Ce handicap n’a toutefois pas empêché le groupe de continuer son petit bonhomme de chemin, et de produire un nombre impressionnant d’enregistrements jusqu’à leur inévitable séparation, en 1995. Sous l’ampoule de soixante watts, chacun des membres d’Eric’s Trip semblait exister dans son propre univers, ce qui explique peut-être la nombre de side-projects auxquels ils donneront naissance avant le désintégration de leur aventure commune. La bassiste et chanteuse Julie Doiron s’amuse avec Broken Girl (elle enregistrera plus tard un album sous son propre nom), le guitariste Chris Thompson badine avec Moon Socket, et le batteur Mark Gaudet joue dans Purple Knight, en plus de collaborer à Elevator to Hell, le groupe du chanteur et guitariste Rick White.

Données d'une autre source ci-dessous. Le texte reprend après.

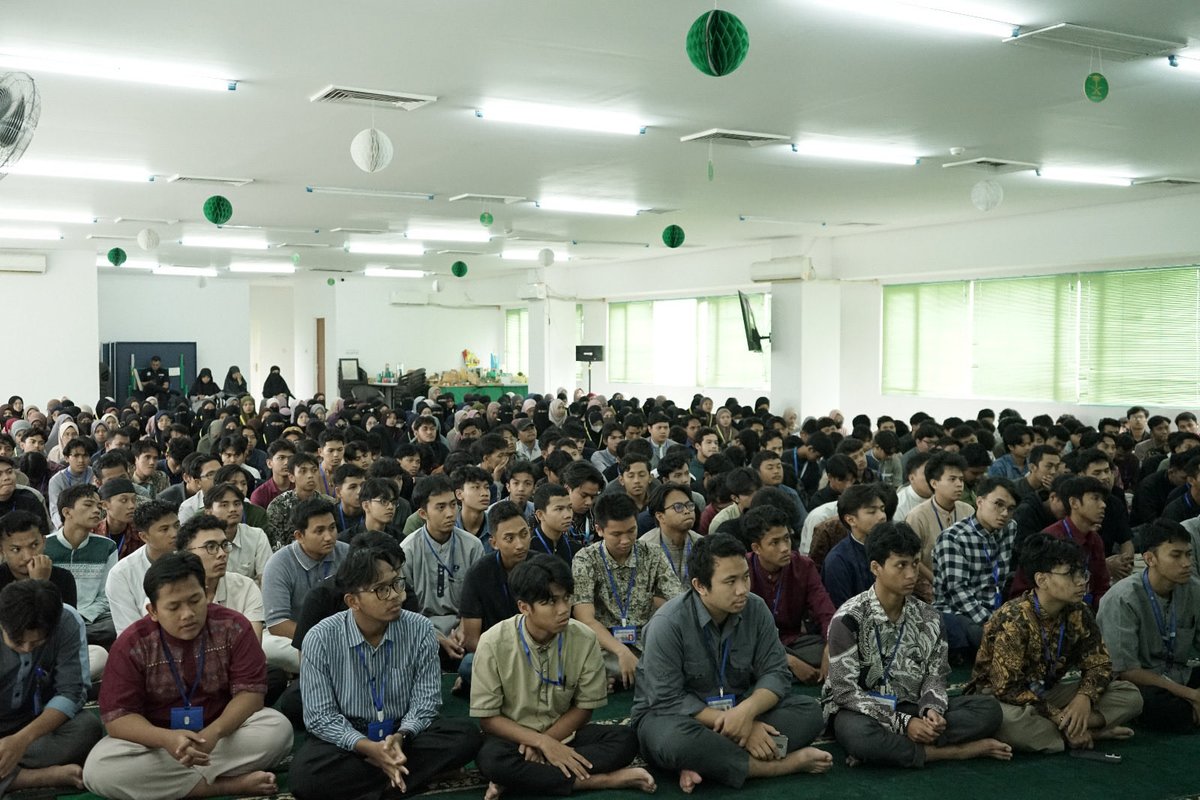 أقامت وحدة النشاط بالمعهد اليوم لقاءً بعنوان (آفات طلب العلم)، قدمه الأستاذ: أحمد ألفين بن أمير مسلمين، وذلك ضمن أنشطته العلمية والتربوية الهادفة إلى تعزيز الوعي لدى الطلاب حول السلوكيات التي تعيق طلب العلم، وسبل تجنبها.
وقد تناول اللقاء عدة محاور مهمة، منها:
• مفهوم آفات طلب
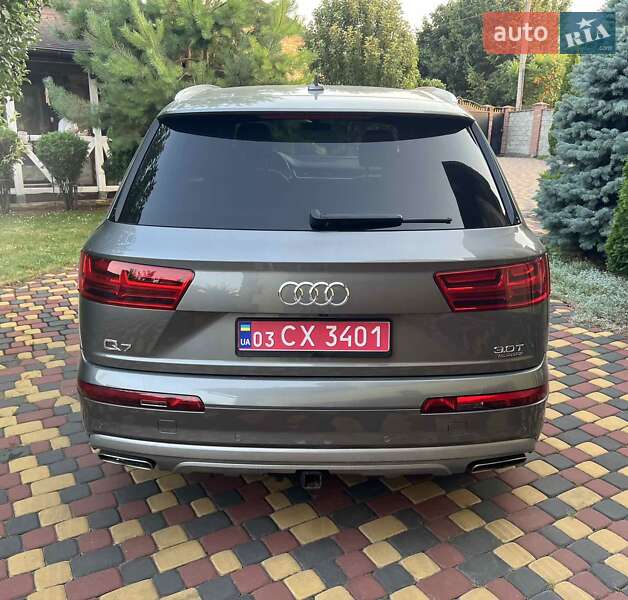 Позашляховик / Кросовер Audi Q7 2017 в Києві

A l’origine, Elevator to Hell n’était que le titre d’une chanson, mais c’est sous ce nom que Rick mettra sur vinyle ses premières compositions (rééditées par Sub Pop sur l’album Parts 1-3) en compagnie de Gaudet et de sa femme, Tara White. Le groupe devient alors Elevator Through Hell (il semble que Rick ait décidé qu’il valait mieux traverser discrètement l’enfer plutôt que d’en faire sa destination finale) et signe EerieConsiliation, qualifié de «pire album de l’année 1997» par le magazine canadien The Record.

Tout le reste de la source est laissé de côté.